I have a function that is taking up ~95% of my execution time, I use it multiple times and it's making my program incredibly slow. I cant use the built in multiprocessing library because of my reliance on Pycharm: https://youtrack.jetbrains.com/issue/PY-53235.
Here's my core problem:
import numpy as np
import time
import ray # confirmed this library works in my env
def get_matched_time(match: np.ndarray, template: np.ndarray) -> list:
"""
Return an array containing the closest value
in the template array to the input array.
Args:
match : for each value of match,
find the closest value in template.
template : values to match to
Returns:
matched_time : iterable of size match.size containing
values found in template closest to each value in match.
"""
matched_time, matched_index = [], []
for t in match: # for each and every match value
temp = [abs(t - valor) for valor in template] # iterate template value for closest time
matched_index.append(temp.index(min(temp))) #add the index
return [(template[idx]) for idx in matched_index]
(...)
The match
array (or any iterable) can vary between 10 and 12,000 values. The template array is usually upwards of 10,000 values as well, but always larger than match.
if __name__ == "__main__":
start = time.time()
returned_time = get_matched_time
end = time.time()
print(f"Execution time: {end - start} s")
>>>Execution time: 12.573657751083374 s
Just in-case its unclear:
match = [1.1, 2.1, 5.1] # will always be smaller than template
template = [1.0, 2.0, 3.0, 4.0, 5.0]
My desired output is [1.0, 2.0, 5.0]
in any iterable form, order doesn't really matter because I can just sort by value afterwords.
I'm hoping to be able to assign each loop of for t in match
to a process. I have been trying this with ray Ray Parallel Iterators but I don't understand the documentation to implement. If anybody can recommend a more efficient method, or a way to incorporate multiprocessing via ray
or another library, I would much appreciate it.
CodePudding user response:
You can significantly improve the performance of your search by using vectorized numpy calls in place of your iterations. In particular, we can replace this code:
for t in match: # for each and every match value
temp = [abs(t - valor) for valor in template]
matched_index.append(temp.index(min(temp)))

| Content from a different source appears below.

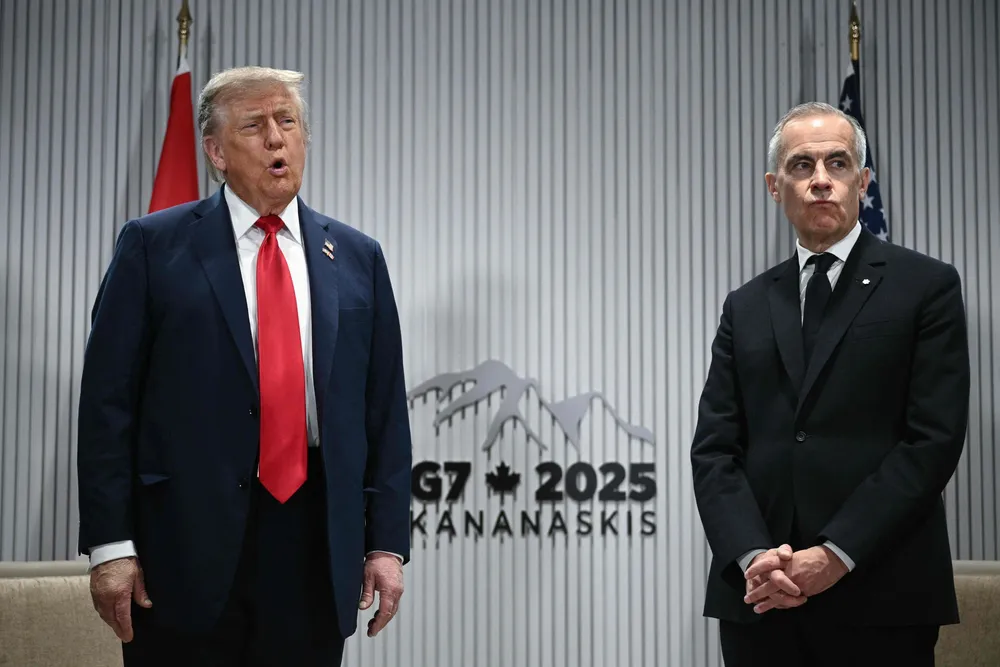 US President Donald Trump speaks to the press as Canadian Prime Minister Mark Carney looks on as they meet during the Group of Seven (G7) Summit at the Pomeroy Kananaskis Mountain Lodge in Kananaskis, Alberta, Canada on 16 June 2025.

With abundantly faster numpy operations. Rather than searching, we use vectorized maths to find all the absolute differences between match
and template
. Then we find the minima of these absolute values and the argument value of the minima. Finally, return the matches:
def get_matched_time(match: np.ndarray, template: np.ndarray) -> np.array:
match = match.reshape(-1, 1)
a = np.abs(match - template)
mins = np.argmin(a, axis=1)
return np.array([template[mins[i]] for i in range(len(match))])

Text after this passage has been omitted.